Now the project is one of two on-going pilot actions in Social Lab 18 and the project has become closer to fulfill the ambition. At first, the waste bins were developed to be in a “normal” and private kitchen. But when the demo model was tested it was clear that the talking aspect of the waste bin was too disturbing. Vincent and his group of students decided to test the waste bin in a more dynamic environment – Roskilde Festival.

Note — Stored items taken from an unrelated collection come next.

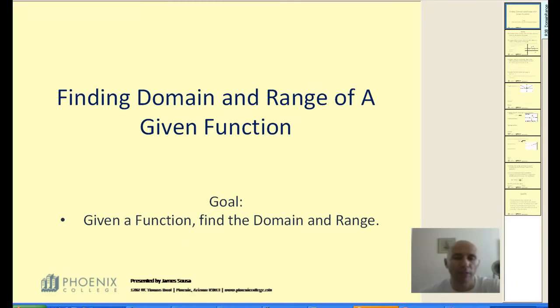Finding the domain and the range of a function can often be done in more than one way, and the best way is really based upon how much you know about a given function. Regardless of this, the goal is: given a function, we need to be able to find the domain and the range.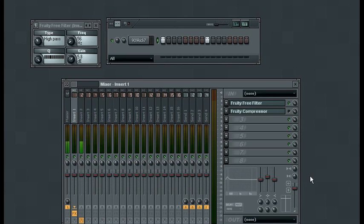Now I'll play this example and you can hear as I adjust the frequency down, the sub kick starts falling into place. Then we'll come back through and I'll work with the compressor a little bit.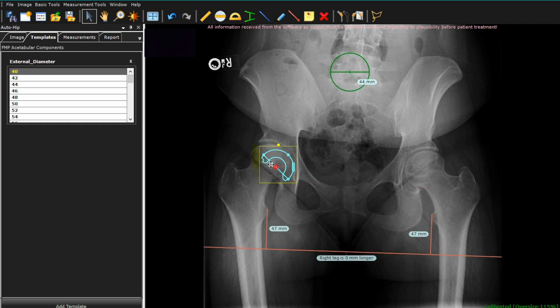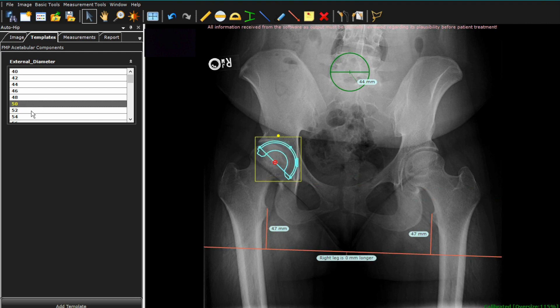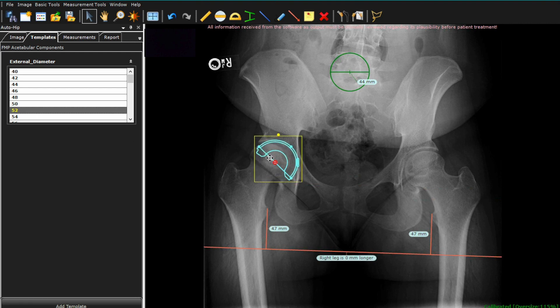I'll now drag that line out of the way, go back and select the cup, and now size the cup. This is a smaller patient with a 44mm femoral head, so we're going to start with the 50 or 52 cup. Typically in males the cup will usually be 4 to 6 millimeters larger than the femoral head, and in females 2 to 4. In this case a little bit large for a female, but this was the right fit.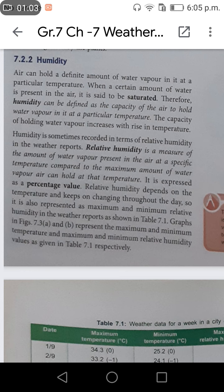The capacity of holding water vapor increases with rise in temperature. Humidity is sometimes recorded in terms of relative humidity in the weather reports. Relative humidity is a measure of the amount of water vapor present in the air at a specific temperature compared to the maximum amount of water vapor the air can hold at that temperature. It is expressed as a percentage value. Relative humidity depends on temperature and keeps on changing throughout the day, so it is also represented as maximum and minimum relative humidity in the weather reports.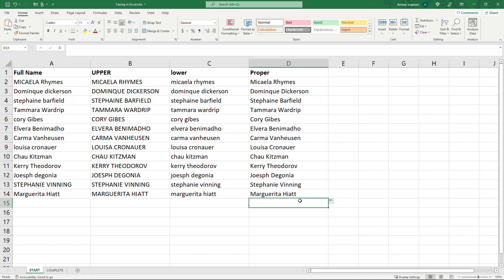So there we go. It was super easy to change the casing in Excel. Hopefully this will save you a ton of time next time you need to do this.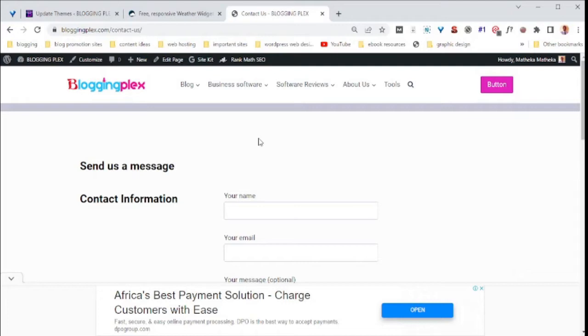Now, let us get started. To add a weather widget to your WordPress website, we are going to do it in four steps.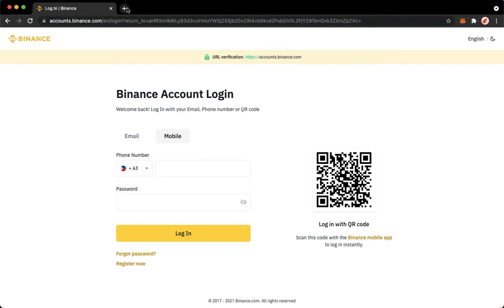Once you are in binance.com, simply click on the login button and you will be redirected to this page. In this page, you will be able to see the login with QR code.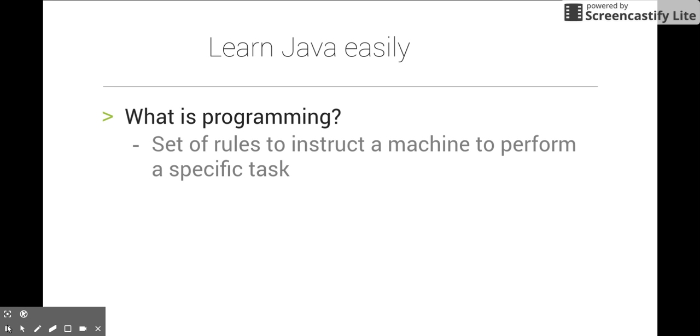I think most of you have some idea about programming, but I will describe it briefly. It's just a set of rules to instruct a machine to perform a specific task.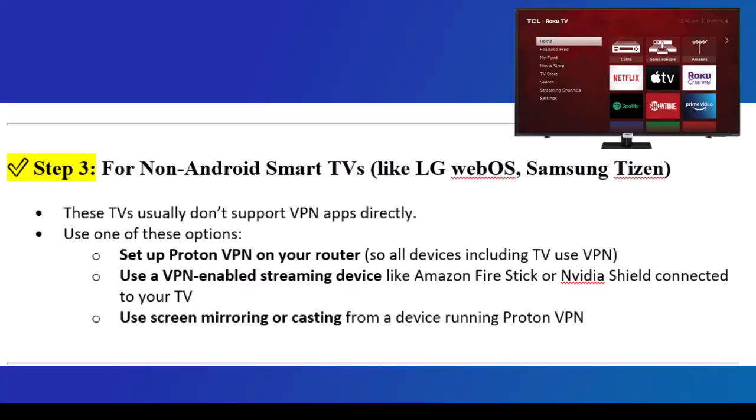Alternatively, use a VPN-enabled streaming device like Amazon Fire Stick or NVIDIA Shield connected to your TV, or use screen mirroring or casting from a device running ProtonVPN.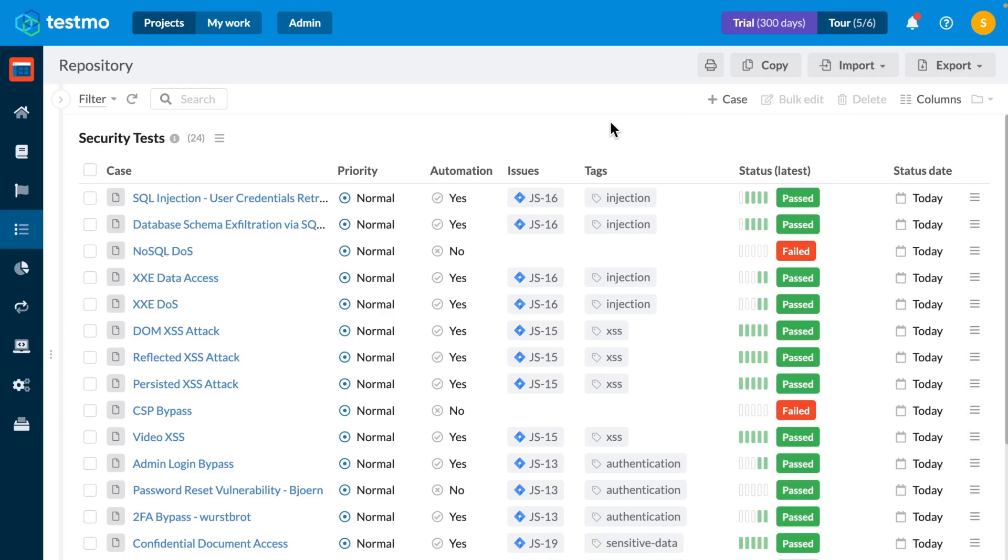So there you go, that's how you can see whether your issues are covered by both automation and manual test cases directly from inside of Testmo.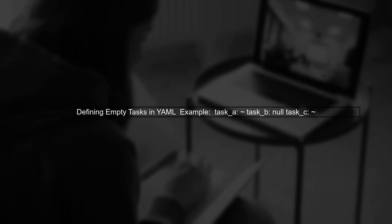To define empty tasks in YAML, we can use a special notation. One common approach is to use a null value, which can be represented by a tilde or the word null. This allows us to indicate that a task exists but has no parameters.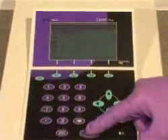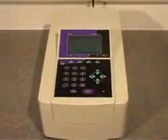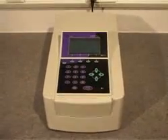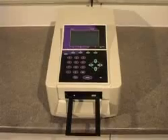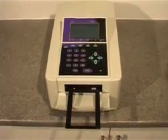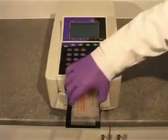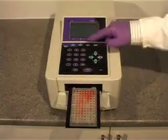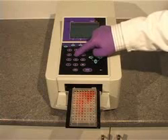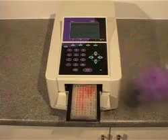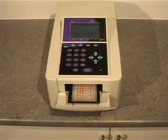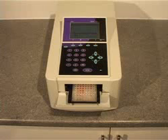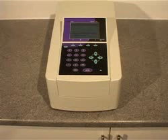Running a stored method is simple. Select the required method, enter a numeric plate ID, place the plate in position, and press run. The plate is moved into the instrument and read in less than 10 seconds.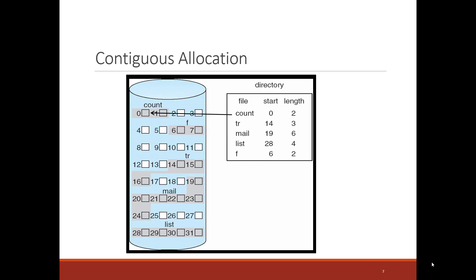The tr file starts at block 14, and it's of length 3. The mail file starts at block 19 of length 6. The f file starts at block 6 of length 2. And the mail file starts at 19 of length 6. As you can see, the file, the logical file, has to be kept contiguously on the physical backing store.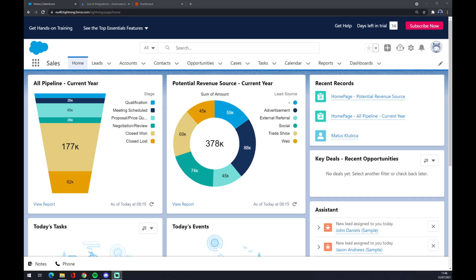Hello guys, my name is Matthew and in today's video I'm going to show you how you can integrate Salesforce with LinkedIn. First things first, we have to create ourselves an account at salesforce.com. At the moment I'm using this trial account just to show you how you can make this integration work.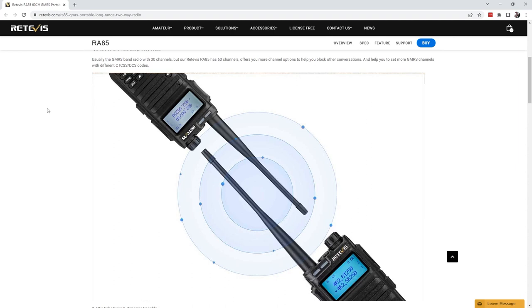And then the big one was being locked to narrowband. So I bought this radio, full disclosure, with my own money from Amazon. Redivis does not know, or did not know, I was making a review on this.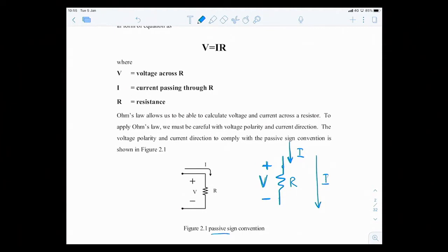So the relationship V equal to IR — please notice that the current enters the positive terminal of V. This is the passive sign convention for this law. So V equal to IR. Those who remember, good; those who don't remember, please go and try to remember: V equal to IR.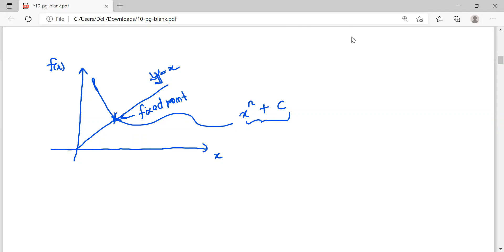Why do we need to find this fixed point? It is used for iteration purposes. If you need to find an approximation, you can use the fixed point iteration method, which we are going to learn in later videos. That is the usefulness of the fixed point.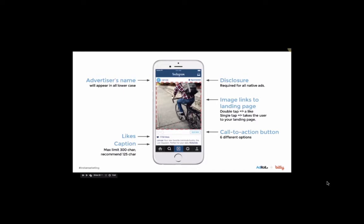On the left-hand side of the slide, we have everything that comes with an Instagram post: the name of the poster, a likes counter, and a caption.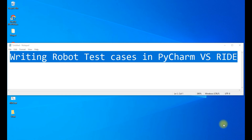Hello everyone, welcome to the channel DappDBQA. In today's video we will be seeing how we can write robot test cases in PyCharm and what is the difference from writing the test cases in RIDE. We will see what are the main differences of writing the test case in PyCharm software versus the RIDE software.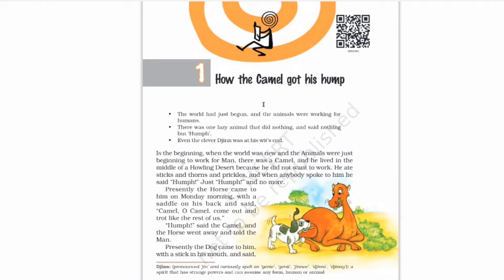Even the clever Jinn was at his wits' end. What is a Jinn? A Jinn is a spirit that has some strange powers. Even the Jinn couldn't understand what he should do — he was also annoyed and didn't know what to do about this lazy animal.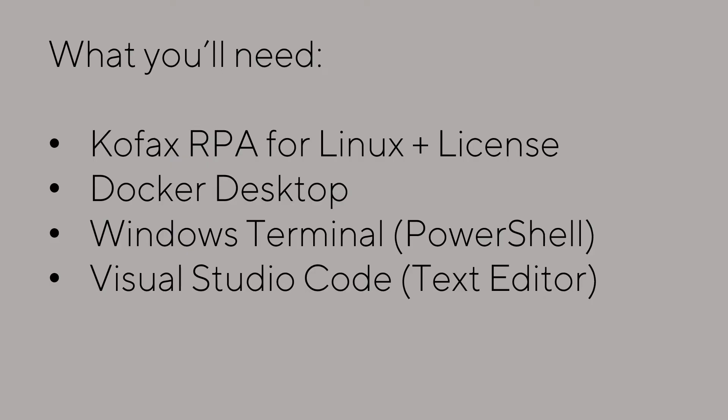This is what you need if you want to follow along. First, you'll need Kofax RPA for Linux and a valid license - I'm going to show you how to get those. You'll need Docker Desktop installed. I'm doing this from my Windows laptop, but if you're running on a Mac, you can follow along with some tweaks. You'll need a PowerShell-enabled terminal - I like Windows Terminal, which you can download from the Microsoft Store. And you'll need a good text editor. Notepad will work, but I recommend Visual Studio Code, Notepad++, or your text editor of choice.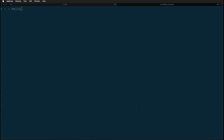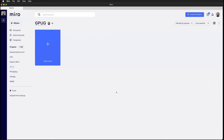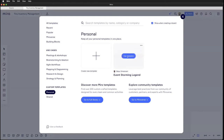Let's drop into Miro, a tool I use for doing my own event storming sessions. We're going to get a feel for what event storming is and how it works. I've come up with a contrived thing we're going to build: a tiny inventory management system. I'll use my event storming legend template, which has a couple of things pre-built into it.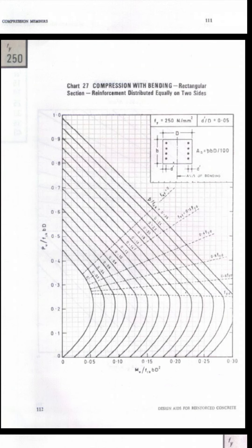Hi all, today we will be discussing how to use the charts for design of columns — especially when it comes to the design of uniaxial columns.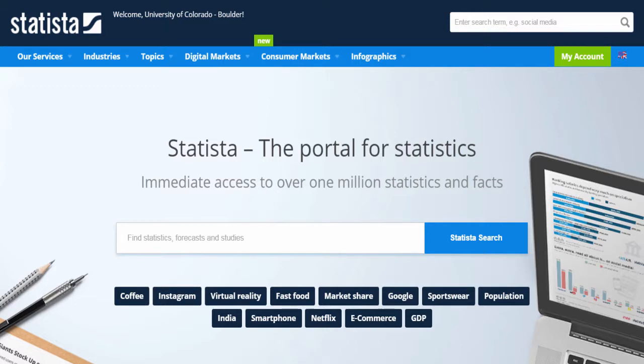Hi, welcome to finding market research in Statista. Statista provides statistics, forecasts, and market research data on a variety of topics.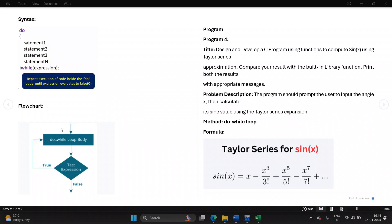Here is an explanation using a flowchart to make the idea more clear. In the do-while loop body, statements 1, 2, 3 through n are all written here. All these statements will be executed once — for the first time they will execute, then the condition will be checked. If the condition is true, the loop repeats. This keeps repeating till the condition is true; the moment it turns false, it comes out of the loop.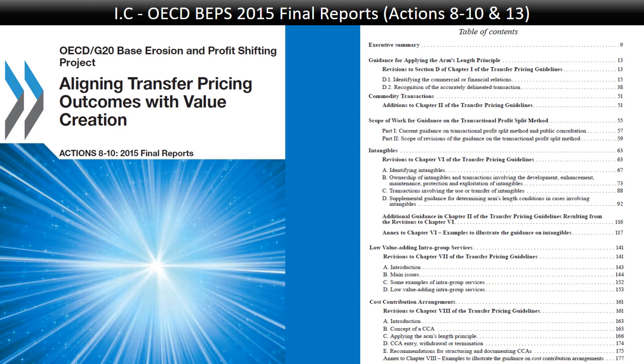The risk-bearing party must also have the financial capacity to bear the risk. You're not prohibited from outsourcing risk control, but you must be able to control the outsourcing — judging whether the entity you outsource to is capable and replacing them if needed. Chapter 1 also deals with accurately delineating transactions. Previously, if the guidelines didn't believe a transaction was right, they could re-characterize it — calling a loan equity, for example. Now, instead of re-characterization, they accurately delineate the transaction and as a second step can disregard it if it doesn't make commercial sense.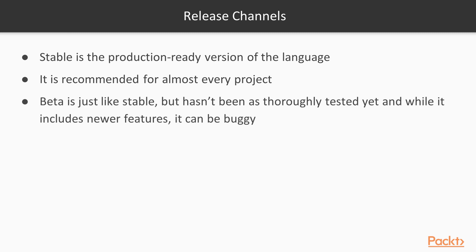Beta is pretty much like stable, but it hasn't been tested as thoroughly yet, and while it does include some newer features, it can be buggy. It's best, if there is a feature on beta that you really need for your project, to either develop it in beta but not release it until the stable comes out, or just wait the six weeks for stable to come out.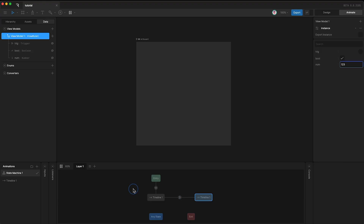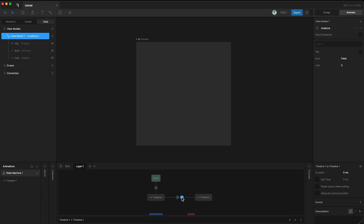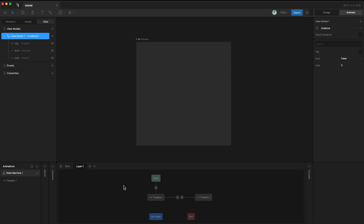You can also add another transition and give that transition its own condition. So the trigger needs to be fired. This is the same as using the OR operator in programming, since you're giving the state machine multiple conditions to choose from, and if only one of them is met, we then transition.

Why the Roskilde Festival? 

The answer was simple according to Cecilie; sorting garbage doesn’t take up much space in our minds when we are at a festival. In 2017 Roskilde Festival generated more than 20 tons of waste and only 18 % was sorted and recycled. Because of that, Roskilde’s ambition is now to sort 10 % more garbage every year. If the festival will achieve the goal, new projects will have to rethink the waste system. 

Every year, the Festival is taking up the challenge of responsible innovation by bringing in projects aiming to contribute to social challenges. This year BINTELLIGENT was one of almost 15 projects at the Festival’s Food Court. Most of the projects are developed at DTU. Roskilde Festival has therefore without a doubt been a good environment to test the project. 

The adjustment of BINTELLIGENT was finished just in time to join the Festival’s food court, and as the pictures illustrate, BINTELLIGENT consists of separate waste bins placed next to each other. On each of the bins, there are buttons you can press and learn more about garbage sorting and also, each of the waste bins illustrates what to put in the waste bins.

BINTELLIGENT consisting of separate waste bins placed next to each other.

During the festival, Vincent, Cecilie, and the other students went around to tell the guests about their project and to get people to try it out.
Vincent tells us that all the guests liked the idea!
By testing the waste bin at a festival and going around seeking to get the guest to participate, the process of the project uses public engagement as an inspiration. None of the guests saw the waste bins as controlling or behavioral regulation in a negative way. And it is clear that an intelligent waste bin like BINTELLIGENT works better in a dynamic environment compared to a private kitchen. After the Festival BINTELLIGENT has not been further developed, but according to Cecilie, she and the other students would like to keep developing the waste bin.

Participants of the Roskilde Festival testing BINTELLIGENT.